In our study, although we did not evaluate the mechanism of probiotics, Ashraf et al. reported that the use of probiotic supplementation can prevent immune-mediated diseases during childhood. Nevertheless, this intervention during pregnancy can affect fetal immune parameters, including transforming growth factor-beta (TGF-β1) level, cord blood interferon-gamma (IFN-γ) level, and breast milk immunoglobulin A (IgA). It seems that the immune system is stimulated by probiotic microorganisms (50).
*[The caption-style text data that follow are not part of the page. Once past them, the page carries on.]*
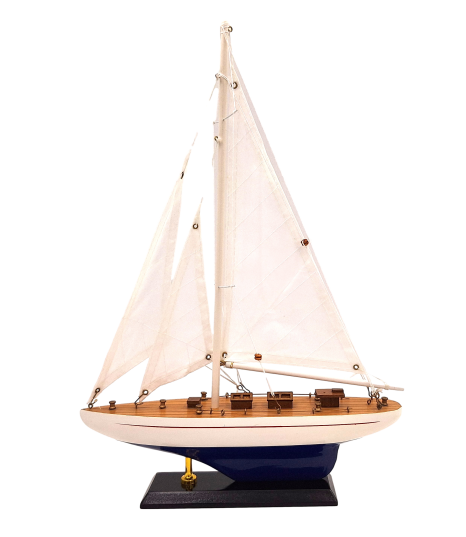 Medinis burlaivio modelis 42 cm – jūrinė interjero dekoracija, dovana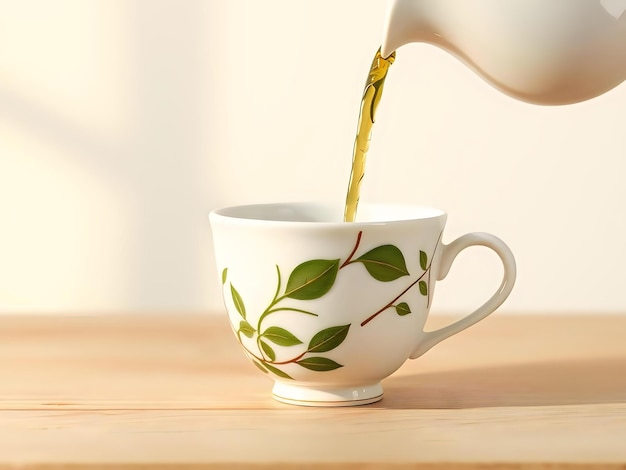 Depiction of a Teacup with Blended Leaf Texture and Minimal Background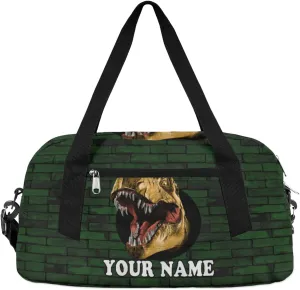 Custom Kids Duffel Overnight Bag Scary Dinosaur Personalized Kids Duffel Bag for Girls Boys Customized Kids Gifts - 3D Dino Wall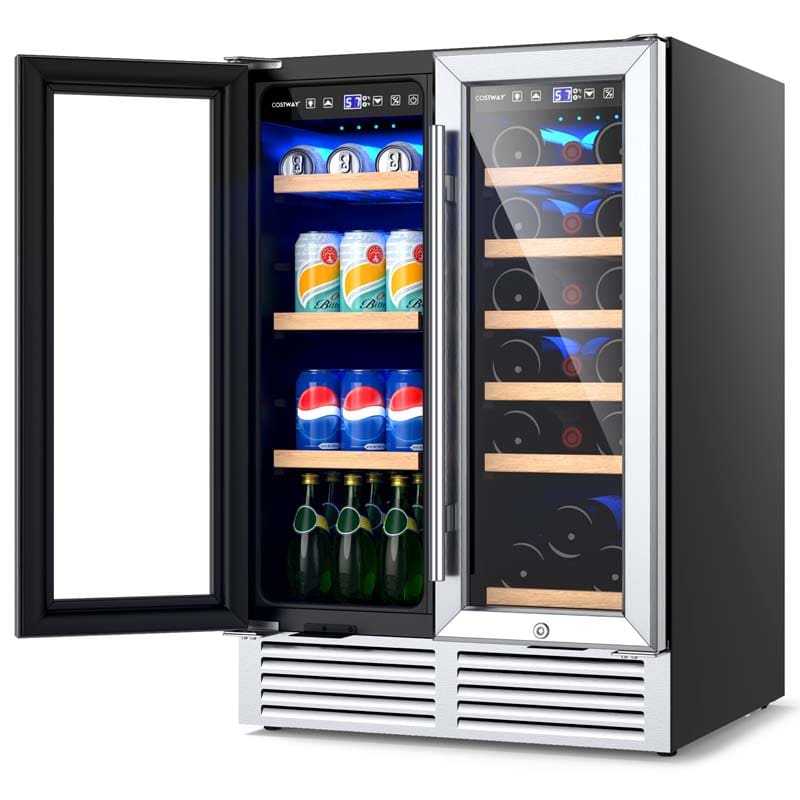 24" Large Dual Zone Wine Beverage Cooler Refrigerator Built-In & Freestanding Beer Fridge Wine Cellar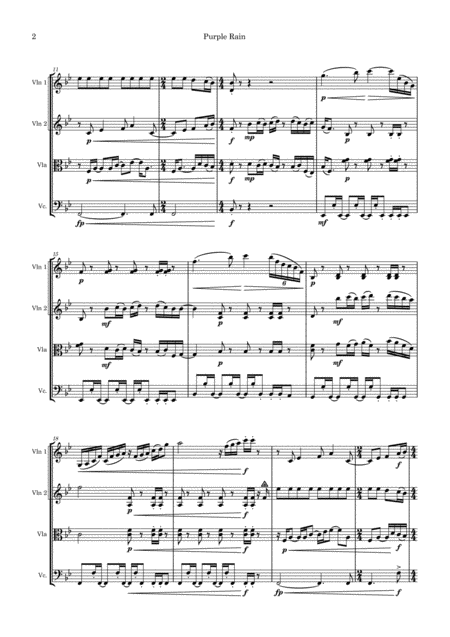 Purple Rain Prince For String Quartet Page 2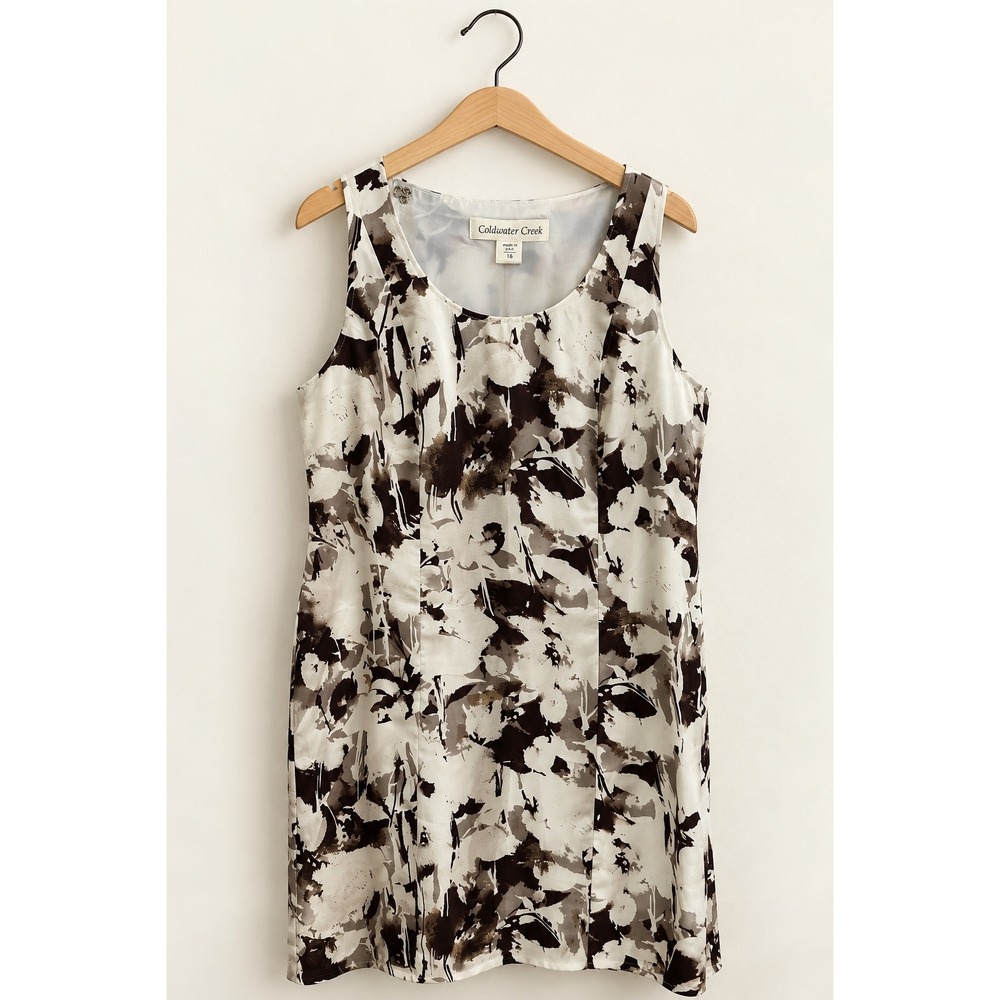 Coldwater Creek Womens 16 Abstract Floral Sheath Dress White Brown Sleeveless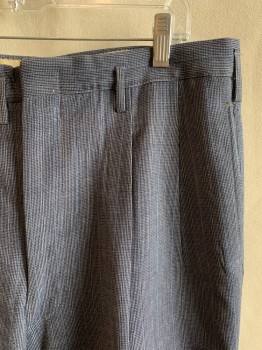 Mens, 1940s Vintage, Suit, Pants, CURLEE CLOTHES, Gray, Navy Blue, Lt Blue, Wool, Stripes, L30, W34, Pleated Front, Zip Fly, 5 Pockets, Cuffed Hem, MULTIPLE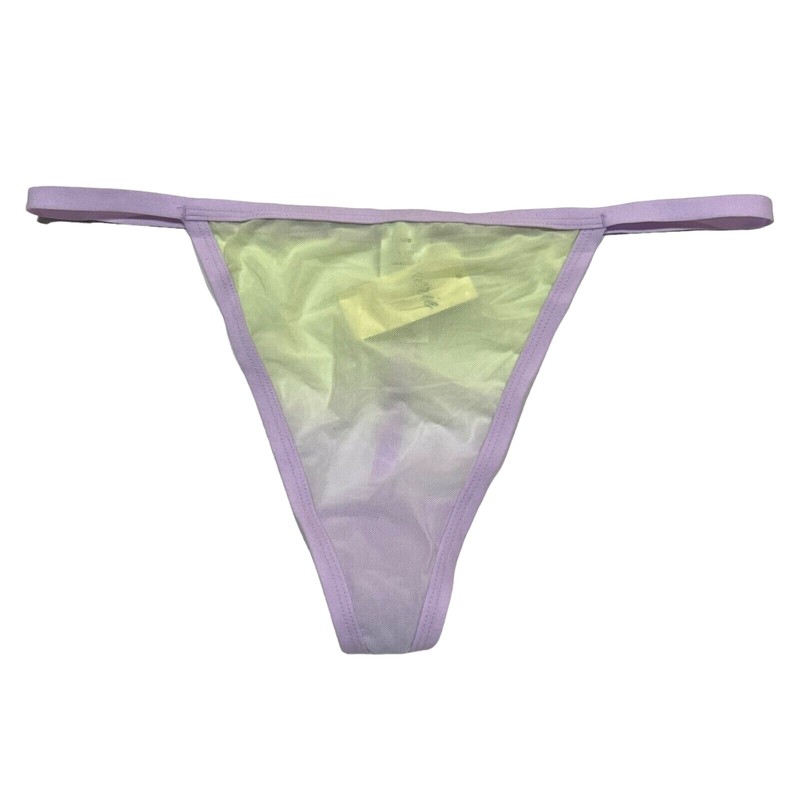 NWT AERIE Thong Sz M-L-XL Purple Green Mesh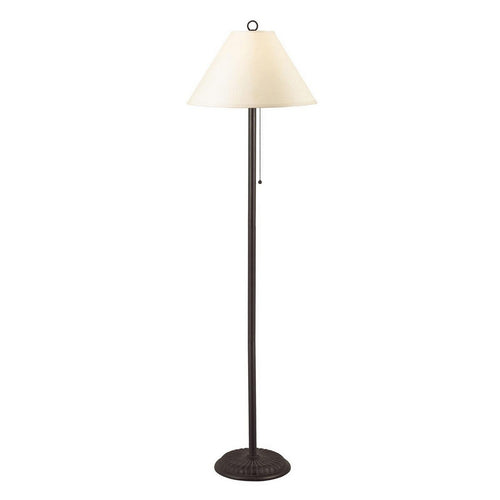 Floor Lamp | Metal | Pull Chain Switch | Paper Shade | Off White & Black
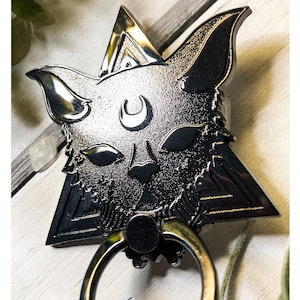 Heks kat telefoonring | Zwarte telefoonbedel | Telefoonhouder kat | Illuminati Gothic-telefoongreep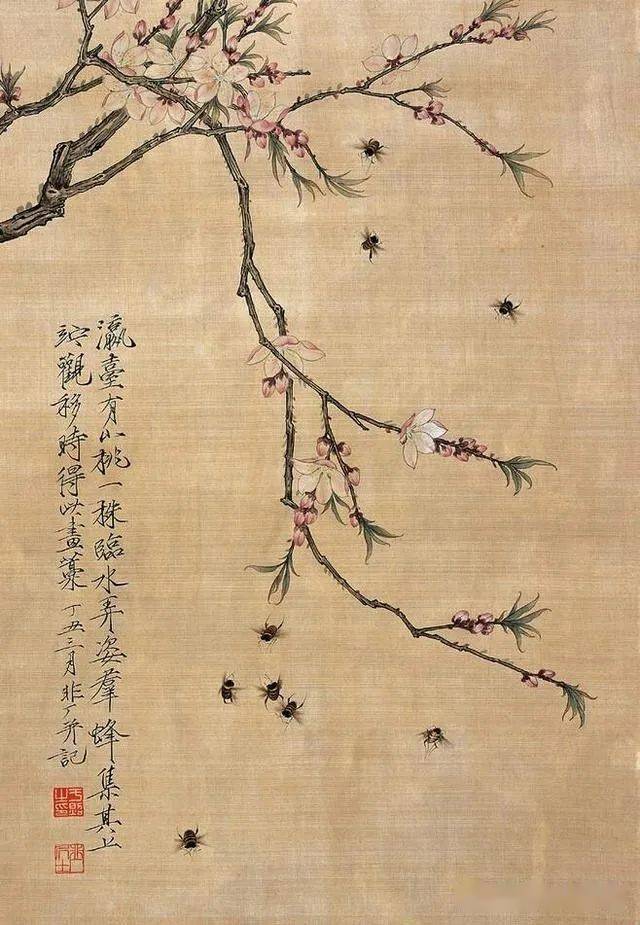 阳春三月,桃之夭夭,看看大师们笔下的十里桃花!_花鸟画_笔墨_山水画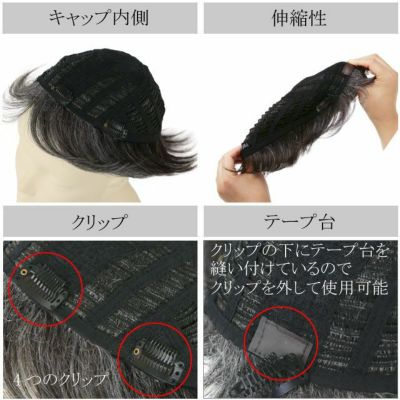 男性用五分ウィッグ【ストレートショート】 品番 GB-21耐熱 キャップ内側 伸縮性 クリップ テープ台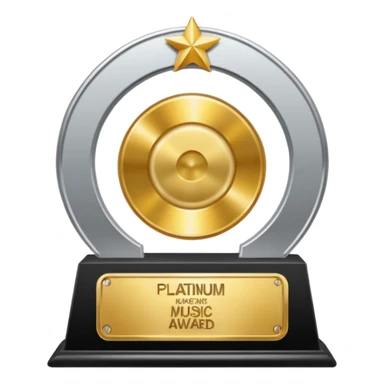 A platinum music award plaque sticker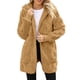 thumbnail image 2 of Chaqueta de Mujer con Cremallera, Bolsillos, Sudadera Larga Extragrande con Capucha, Mangas Largas y Suave, Abrigo de Peluche Cálido Marrón L, 2 of 8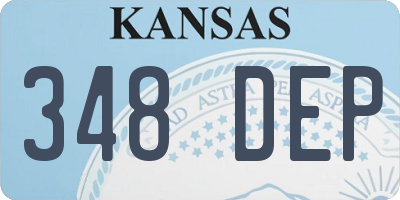 KS license plate 348DEP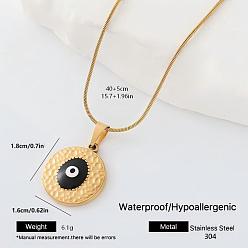 Black 304 Stainless Steel Enamel Evil Eye Pendant Necklaces for Men Women, Golden, Black, 15.75 inch(40cm)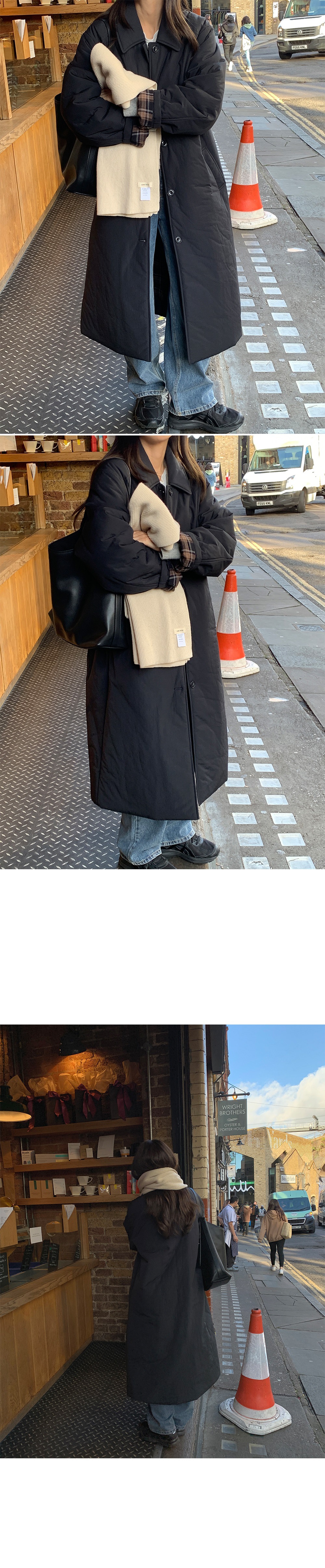 Korean New versatile long over-the-knee cotton coat/jacket K010624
Determination of the type of bacterium was not possible in our study; therefore, it may be considered a limitation of the study, but intervention in the two groups was done in the same conditions. In addition, suspected cases of tuberculosis and MDR were excluded from the study. Cases with severe pneumonia that required hospitalization in NICU were not also entered the study to decrease bias in the current study.
4.1. Conclusion
The use of probiotics can be effective in reducing the duration of dyspnea, tachypnea, cough, fever, and length of hospitalization. Therefore, probiotics may be considered a promising treatment for the development of new anti-infectious therapy. In addition, the usage of probiotics, along with antibiotics, is suggested for decreasing pneumonia-associated complications and improving the efficacy of therapy. However, further studies are needed to evaluate the therapeutic effects of probiotics.